-- Opening Marker --
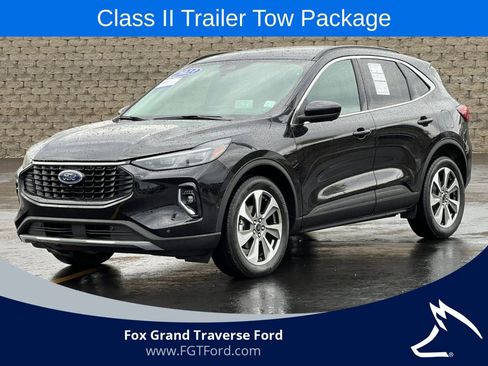 Certified 2023 Ford Escape Platinum w/ Premium Technology Package AWD/4WD image 1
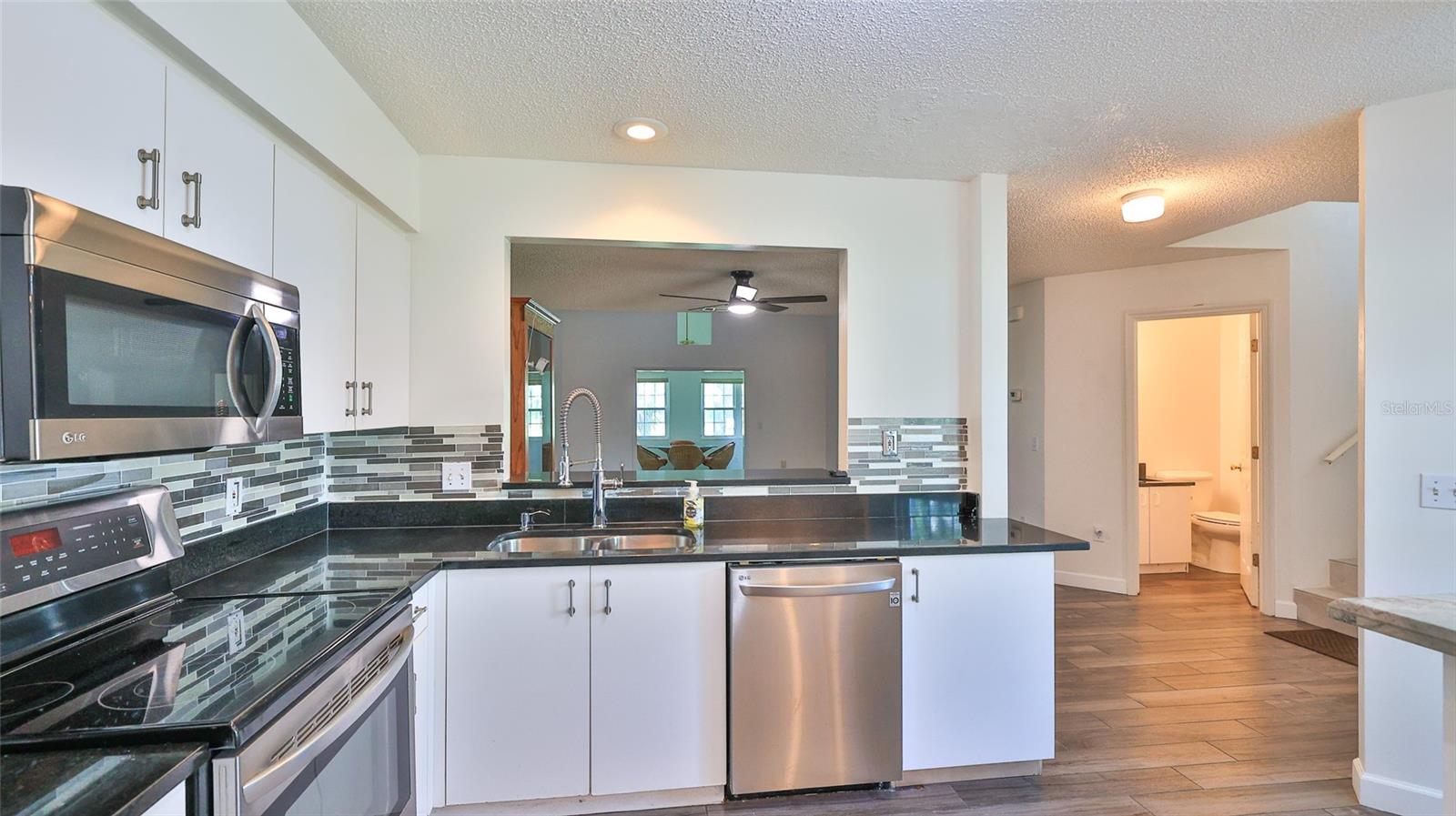 Image 4 of 41 For 108 Grand Oaks Circle 108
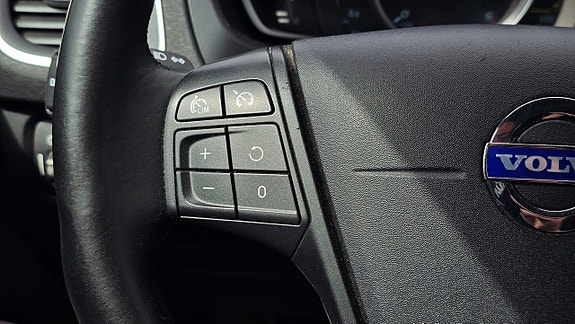 Volvo V40 11 of 14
-- Closing Marker --
• What the exercise asks
Reproduce the full listing verbatim so that only the pictures are missing.

• Task answer
 Certified 2023 Ford Escape Platinum w/ Premium Technology Package AWD/4WD image 1
 Image 4 of 41 For 108 Grand Oaks Circle 108
 Volvo V40 11 of 14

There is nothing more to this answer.